He later worked in arbitrage trading systems for Citibank, then spent 12 years at IBM, achieving “near double-digit growth” for its Global Banking Unit, which has annual revenues more than 14 times those of Fair Isaac.

“I’ve been in and around banking for most of my career,” he says. “I understand what Fair Isaac’s clients do for a living. I’m able to go in and talk to them about their business problems: How can I improve my client-retention rates? How do I figure out which customers are about to defect to the guy down the street and prevent that from happening? How can I sell more products to my existing customers, and what should they be? Will they buy a mortgage from me? If so, at what price?

“It’s that kind of conversation that my background enables me to have,” he says. And that’s the kind of conversation Fair Isaac’s salespeople need to have with clients to make those broad, deep, enterprise-level sales.“At the end of the day, what we sell is technology that enables these business strategies,” Greene adds. “But first you talk about the business problem.”

Fair Isaac’s problems are readily fixable, he says, in part with different training for salespeople. “These are basic blocking-and-tackling kinds of things we’re talking about: prioritizing which customers you go after, making sure you deliver A-class service, having a world-class sales team. Notice what I’m not mentioning needs attention. I’m not saying we have bad products or that we’re in bad markets or that we don’t have the right people in place.”

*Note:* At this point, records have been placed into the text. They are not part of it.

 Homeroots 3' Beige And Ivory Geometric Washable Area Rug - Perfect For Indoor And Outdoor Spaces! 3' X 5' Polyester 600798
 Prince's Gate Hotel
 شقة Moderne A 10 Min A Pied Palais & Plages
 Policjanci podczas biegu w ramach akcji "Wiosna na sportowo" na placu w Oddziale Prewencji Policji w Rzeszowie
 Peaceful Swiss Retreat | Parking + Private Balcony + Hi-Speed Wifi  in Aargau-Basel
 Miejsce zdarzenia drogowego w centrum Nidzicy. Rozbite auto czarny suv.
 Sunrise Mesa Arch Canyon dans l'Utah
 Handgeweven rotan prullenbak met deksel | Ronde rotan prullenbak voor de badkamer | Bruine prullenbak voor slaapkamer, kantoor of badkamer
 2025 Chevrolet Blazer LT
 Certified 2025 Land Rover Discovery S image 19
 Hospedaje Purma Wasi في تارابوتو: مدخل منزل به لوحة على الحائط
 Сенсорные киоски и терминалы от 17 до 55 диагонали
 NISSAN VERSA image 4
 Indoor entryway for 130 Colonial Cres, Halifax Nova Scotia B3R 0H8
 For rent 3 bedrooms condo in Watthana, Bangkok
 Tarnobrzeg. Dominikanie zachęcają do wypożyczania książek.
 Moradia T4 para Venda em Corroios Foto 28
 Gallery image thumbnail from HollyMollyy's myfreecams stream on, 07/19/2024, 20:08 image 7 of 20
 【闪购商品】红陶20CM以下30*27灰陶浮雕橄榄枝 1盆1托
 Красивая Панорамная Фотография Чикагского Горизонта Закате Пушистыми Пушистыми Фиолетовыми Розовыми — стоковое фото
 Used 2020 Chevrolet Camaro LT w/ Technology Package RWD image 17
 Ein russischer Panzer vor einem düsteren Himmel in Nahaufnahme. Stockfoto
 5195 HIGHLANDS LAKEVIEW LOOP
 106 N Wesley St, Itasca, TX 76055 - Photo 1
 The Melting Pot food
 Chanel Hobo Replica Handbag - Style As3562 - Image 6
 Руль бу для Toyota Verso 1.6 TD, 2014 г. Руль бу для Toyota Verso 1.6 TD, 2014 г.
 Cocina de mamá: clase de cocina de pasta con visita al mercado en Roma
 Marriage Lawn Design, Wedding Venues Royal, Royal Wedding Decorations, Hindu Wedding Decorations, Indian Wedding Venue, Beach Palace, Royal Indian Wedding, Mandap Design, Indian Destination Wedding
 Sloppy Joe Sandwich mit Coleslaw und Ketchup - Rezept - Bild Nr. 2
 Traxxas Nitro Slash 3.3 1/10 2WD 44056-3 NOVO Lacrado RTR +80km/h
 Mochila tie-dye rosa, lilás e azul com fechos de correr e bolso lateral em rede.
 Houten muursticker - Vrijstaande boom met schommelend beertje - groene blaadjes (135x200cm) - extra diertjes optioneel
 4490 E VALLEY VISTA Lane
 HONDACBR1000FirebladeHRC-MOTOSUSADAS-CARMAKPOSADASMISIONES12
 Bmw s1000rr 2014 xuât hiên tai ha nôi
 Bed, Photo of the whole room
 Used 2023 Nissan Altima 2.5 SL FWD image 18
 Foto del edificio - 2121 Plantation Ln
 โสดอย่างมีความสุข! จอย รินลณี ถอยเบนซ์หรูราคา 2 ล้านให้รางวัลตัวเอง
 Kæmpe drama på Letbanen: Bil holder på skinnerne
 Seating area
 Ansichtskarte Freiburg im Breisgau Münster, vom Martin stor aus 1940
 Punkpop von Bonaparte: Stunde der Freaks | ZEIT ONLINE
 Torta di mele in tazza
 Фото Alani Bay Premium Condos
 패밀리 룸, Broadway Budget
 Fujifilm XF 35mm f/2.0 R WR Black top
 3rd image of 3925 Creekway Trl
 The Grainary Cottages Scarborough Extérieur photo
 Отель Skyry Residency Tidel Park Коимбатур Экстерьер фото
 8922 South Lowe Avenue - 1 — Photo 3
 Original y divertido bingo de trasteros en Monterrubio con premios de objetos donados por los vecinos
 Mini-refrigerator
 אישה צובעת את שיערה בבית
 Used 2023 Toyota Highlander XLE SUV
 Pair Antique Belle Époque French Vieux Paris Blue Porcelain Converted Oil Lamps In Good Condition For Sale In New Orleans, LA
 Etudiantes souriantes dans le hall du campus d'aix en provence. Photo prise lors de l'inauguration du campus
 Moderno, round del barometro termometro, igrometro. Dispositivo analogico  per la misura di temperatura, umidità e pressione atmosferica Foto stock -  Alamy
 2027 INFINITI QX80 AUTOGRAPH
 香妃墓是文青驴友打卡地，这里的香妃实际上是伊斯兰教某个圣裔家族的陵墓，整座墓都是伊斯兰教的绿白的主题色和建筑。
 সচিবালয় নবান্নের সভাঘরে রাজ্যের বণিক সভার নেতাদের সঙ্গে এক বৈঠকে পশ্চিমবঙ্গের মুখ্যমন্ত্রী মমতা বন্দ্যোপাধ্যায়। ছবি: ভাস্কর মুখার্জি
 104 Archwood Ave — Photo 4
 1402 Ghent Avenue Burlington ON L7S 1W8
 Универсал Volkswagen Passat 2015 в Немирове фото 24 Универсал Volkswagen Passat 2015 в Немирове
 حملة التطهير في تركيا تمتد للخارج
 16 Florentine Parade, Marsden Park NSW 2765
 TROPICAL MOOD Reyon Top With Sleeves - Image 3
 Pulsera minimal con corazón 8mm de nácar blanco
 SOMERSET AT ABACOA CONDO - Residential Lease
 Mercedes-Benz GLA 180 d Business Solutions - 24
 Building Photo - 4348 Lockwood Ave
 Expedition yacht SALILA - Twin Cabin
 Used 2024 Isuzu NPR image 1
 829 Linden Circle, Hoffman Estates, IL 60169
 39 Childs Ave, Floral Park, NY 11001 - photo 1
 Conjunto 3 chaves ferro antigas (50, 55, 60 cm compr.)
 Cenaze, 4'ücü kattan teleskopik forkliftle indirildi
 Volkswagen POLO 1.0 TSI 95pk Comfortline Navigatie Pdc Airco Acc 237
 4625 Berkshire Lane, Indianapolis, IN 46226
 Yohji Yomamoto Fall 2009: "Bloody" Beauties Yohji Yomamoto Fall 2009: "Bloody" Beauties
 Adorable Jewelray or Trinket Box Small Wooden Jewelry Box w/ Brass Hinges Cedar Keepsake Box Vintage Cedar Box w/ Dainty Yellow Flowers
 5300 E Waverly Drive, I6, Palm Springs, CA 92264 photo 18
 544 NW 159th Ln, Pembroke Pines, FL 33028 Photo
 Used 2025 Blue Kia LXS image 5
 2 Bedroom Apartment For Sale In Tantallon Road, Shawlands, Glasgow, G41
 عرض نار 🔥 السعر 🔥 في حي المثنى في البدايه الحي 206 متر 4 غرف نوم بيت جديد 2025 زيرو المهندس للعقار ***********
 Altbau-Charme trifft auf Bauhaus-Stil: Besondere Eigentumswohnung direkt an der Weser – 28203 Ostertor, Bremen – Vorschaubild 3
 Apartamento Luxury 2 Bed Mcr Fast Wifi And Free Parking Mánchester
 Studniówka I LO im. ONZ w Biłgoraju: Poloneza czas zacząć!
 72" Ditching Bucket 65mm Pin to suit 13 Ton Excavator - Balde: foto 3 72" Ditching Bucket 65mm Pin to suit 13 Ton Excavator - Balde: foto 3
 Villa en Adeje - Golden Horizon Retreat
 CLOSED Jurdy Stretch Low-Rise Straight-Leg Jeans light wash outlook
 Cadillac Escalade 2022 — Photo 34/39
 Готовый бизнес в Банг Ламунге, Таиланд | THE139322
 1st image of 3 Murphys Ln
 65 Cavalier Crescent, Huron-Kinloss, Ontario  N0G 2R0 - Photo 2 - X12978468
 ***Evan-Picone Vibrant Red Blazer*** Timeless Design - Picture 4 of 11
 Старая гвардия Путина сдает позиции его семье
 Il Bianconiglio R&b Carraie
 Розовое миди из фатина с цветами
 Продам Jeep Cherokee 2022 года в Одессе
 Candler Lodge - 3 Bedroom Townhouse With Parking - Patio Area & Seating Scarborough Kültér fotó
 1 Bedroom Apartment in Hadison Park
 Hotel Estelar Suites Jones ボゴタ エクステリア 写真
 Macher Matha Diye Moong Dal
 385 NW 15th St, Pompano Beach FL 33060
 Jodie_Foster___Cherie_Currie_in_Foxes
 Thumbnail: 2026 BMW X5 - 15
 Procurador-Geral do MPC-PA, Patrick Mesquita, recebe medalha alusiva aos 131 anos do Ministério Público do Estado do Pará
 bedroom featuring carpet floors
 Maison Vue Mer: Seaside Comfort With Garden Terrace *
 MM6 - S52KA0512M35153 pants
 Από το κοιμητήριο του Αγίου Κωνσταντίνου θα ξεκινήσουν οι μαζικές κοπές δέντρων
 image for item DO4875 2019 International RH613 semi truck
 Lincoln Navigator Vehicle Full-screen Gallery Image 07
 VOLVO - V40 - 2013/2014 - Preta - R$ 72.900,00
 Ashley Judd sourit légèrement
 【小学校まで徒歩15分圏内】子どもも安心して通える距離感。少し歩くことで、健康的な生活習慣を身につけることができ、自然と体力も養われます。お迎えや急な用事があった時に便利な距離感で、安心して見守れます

Analysts generally agree with Greene. Now they’re waiting to see results. In June, Standard & Poor’s analyst Zaineb Bokhari praised Fair Isaac’s “diverse portfolio of differentiated analytic solutions,” but said “execution has been poor.” Bokhari expects Greene to “undertake measures to reinvigorate growth,” but warns investors not to anticipate “meaningful progress” until late in fiscal 2007 or early 2008.

Argus Research analyst Bridget Adams sees “[large] growth opportunities” for Fair Isaac in international markets and believes that “Dr. Greene’s expertise and successful track record is a positive for Fair Isaac.” In light of the shaky mortgage market, the threat from the new Vantage-Scores system, and those historic “execution” problems, however, she and Bokhari join Citigroup’s Tony Wible in putting a “hold” rating on the stock.

Greene vows that the market soon can quit worrying about execution. Fair Isaac, he insists, has “great fundamentals . . . . [The task] has to do with improving our sales capability, treating our customer a little better than we have, executing a little better, and just running a sharper railroad. But we don’t have to lay the tracks.”